Staff were perfunctory but a little slow on the uptake, particularly as we were in a bit of a rush. We started with the Misto di Olive -Sicilian green olives, black olive puree, Pendolino olive oil & house made pane di casa $10.70. There’s a lot to like here, the tapenade, in particular, was rich and full flavoured, I wasn’t a fan of the olives, just lacking the punch and meatiness of a good green olive. The bread was tasty but in the spirit of all things NOT Italian, lacked the generosity of a good Italian spread. I like my bread and butter/oil but this was far too small a portion for the tapenade and oil.
Instantly catching my eyes were the Alto Adige Style Bread Dumplings – spinach, Gruyere, grana padano and burnt sage butter $19.60. Alto Adige, refers to a region in Italy bordering Switzerland and Austria. Known for their hearty peasant-style dishes. And here, the perfect example, some fairly basic ingredients turned to quite possibly our favourite dish on the night.
Pasta was the main draw card, mum opting for the Capellini – Angel hair pasta, braised free range chicken & rosemary sauce $22.70 (entree). Tasty but lacking that wow factor, the rosemary was at the forefront. This probably wouldn’t be my first choice.
When Alex realised I had made a booking at La Rosa he immediately told me to order this dish. As fate would have it, he found himself in the city and ended up coming along. So I got the best of many worlds – he had the Canneloni – w/butternut pumpkin, mustard fruit & ricotta (main) $37. Filled with a sweet pumpkin and ricotta filling and accented by a burnt butter and sage sauce.
But my eyes were for the Lasagne al fondo e finferli – pork & veal w/ truffled chanterelle fondo bruno (main) $39.75. A punchy well-developed tomato sugo, the bechamel lingering in the background. The best bit of any lasagne is the crispy top, it’s always what I go straight for. How did it stack up to the Nonni’s? Good but I don’t think anything quite compares your grandparents fresh out of the oven lasagne al forno. One thing to commend, was the flavour and texture of the pasta throughout all 3 dishes.
The menus seem to have changed in the last two weeks since our visit and these are no longer available. Our standout was the Millefoglie Di Cioccolato – Chocolate & hazelnut with vanilla cream & burnt pear $15.60. Shattering the biscuit and scooping every element onto the spoon, we were rewarded with a crispy nutty biscuit, a thick vanilla & chocolate cream, the chocolate smear adorning the plate was bitter and rich and the pear, tying it all together.
I have a big weakness for Ricotta cheesecakes and the Torta di Ricotta – Neapolitan vanilla & pineapple torte $14.90 was an interesting one. A cross between a regular ricotta cheesecake and a pastiera. Without the wheat berries (grain).
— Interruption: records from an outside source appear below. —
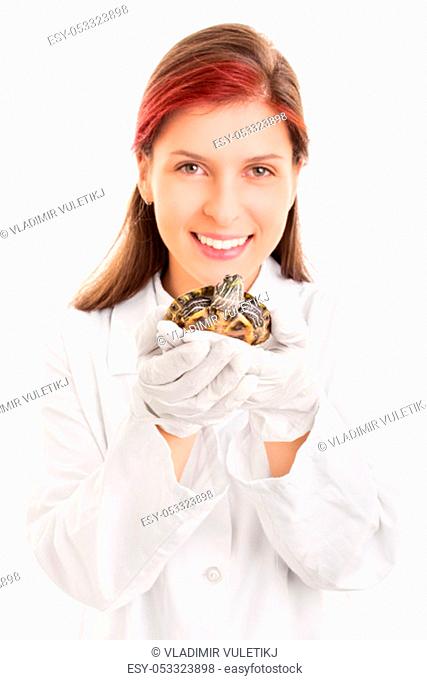 I love animals. Close up shot of a beautiful smiling young veterinarian holding a pet turtle, isolated on white background
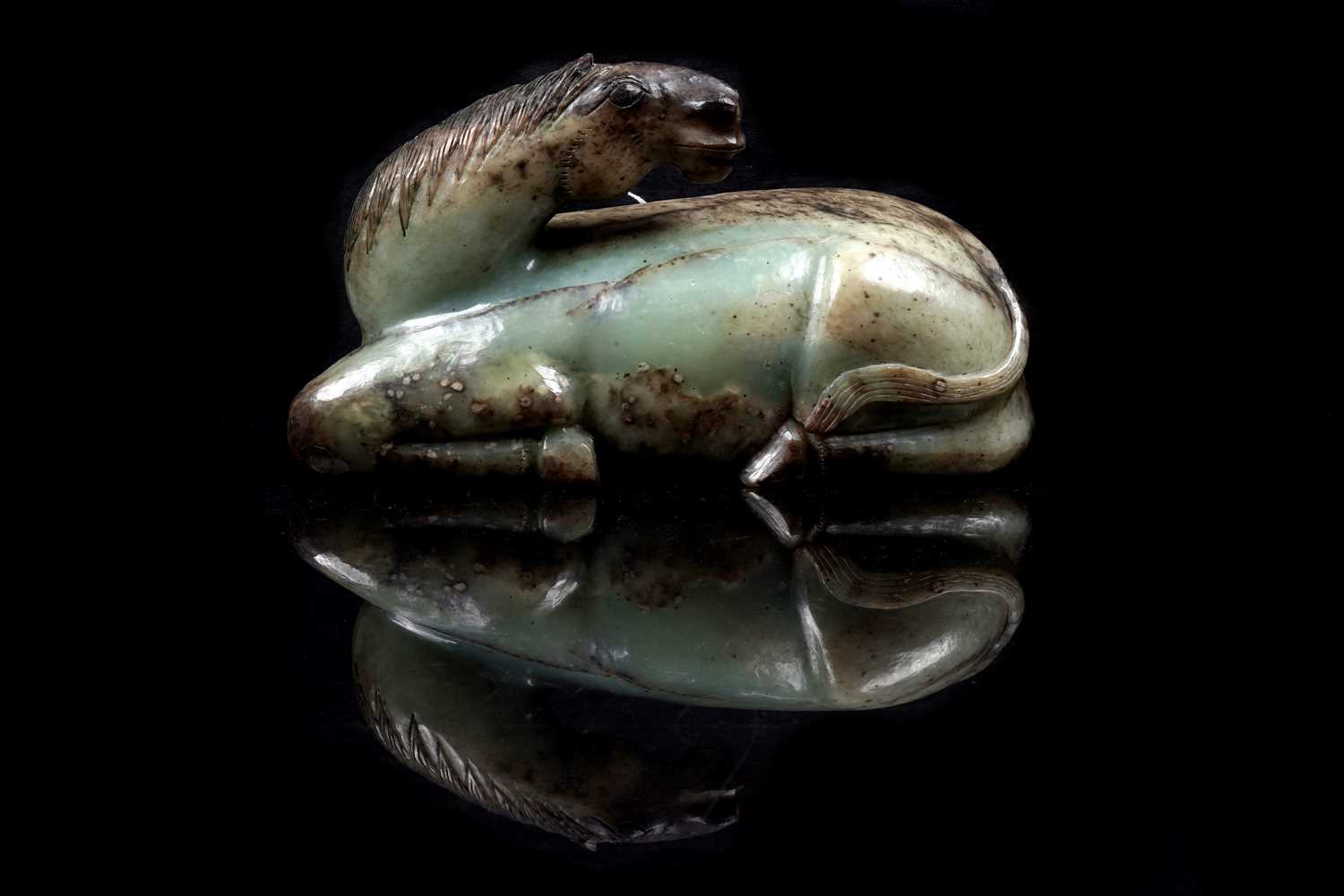 Lot 354 - A Chinese carved jade horse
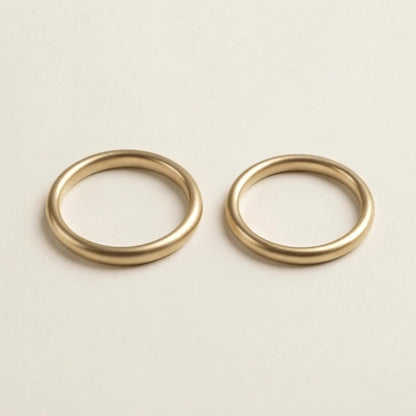 A slim gold wedding band set featuring a 2mm width in 9ct, 14ct, and 18ct gold by Majestic Jewellery.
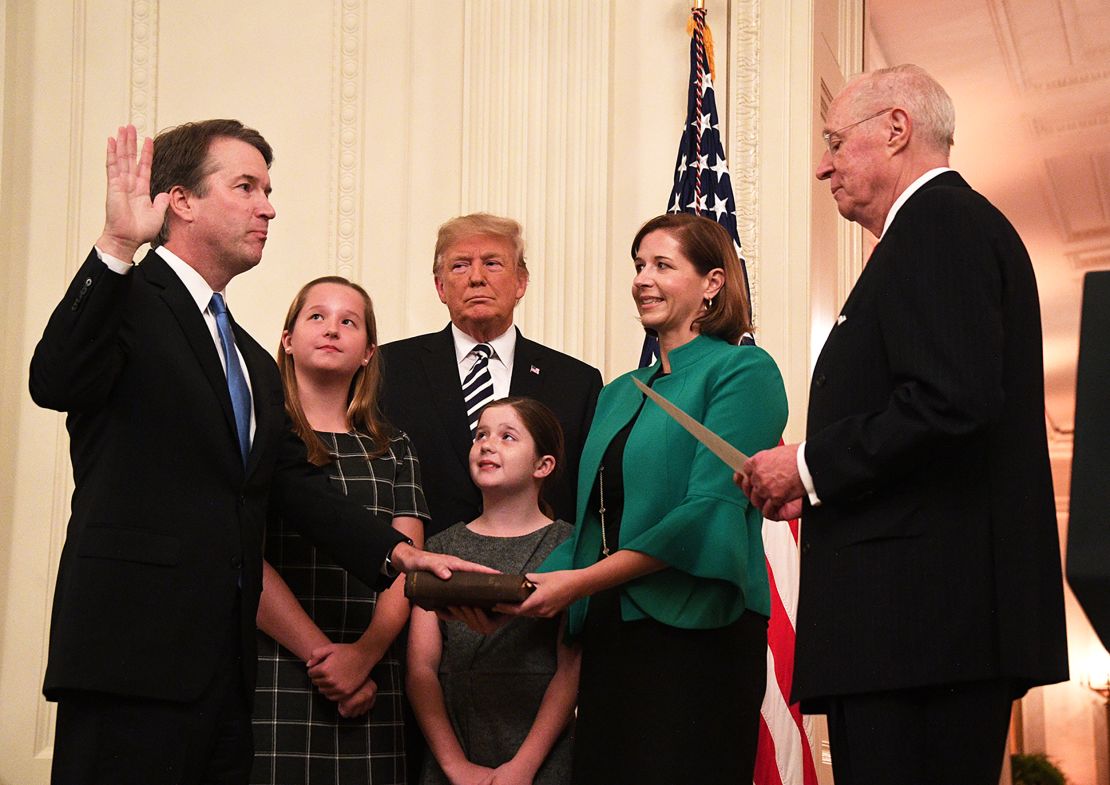 Brett Kavanaugh (L) is sworn-in as Associate Justice of the US Supreme Court by Associate Justice Anthony Kennedy (R) before wife Ashley Estes Kavanaugh (2nd-R), daughters Margaret (2nd-L) and Elizabeth (C), and US President Donald Trump at the White House in Washington, DC.
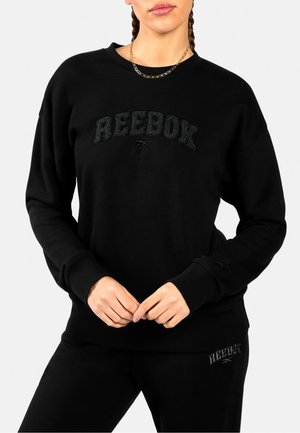 Frau trägt schwarzen Reebok-Pullover und Hose, mit strukturiertem Reebok-Logo auf der Vorderseite des Pullovers und der Hose, Hände unterhalb der Taille verschränkt.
The flavour was familiar but I’d be lying if I said the texture and flavour of the pine nuts weren’t a little off-putting. And some crunch, the sugar shard.
The food was tasty, traditional and familiar Italian flavours. I could bring my Nonno & Nonna here and they would love it. I’d have to get them into the city first that is.
Ooh how good is Italian food especially in winter. All those delicious carbs! I’m intrigued by those dumplings now. They remind me of German knodel.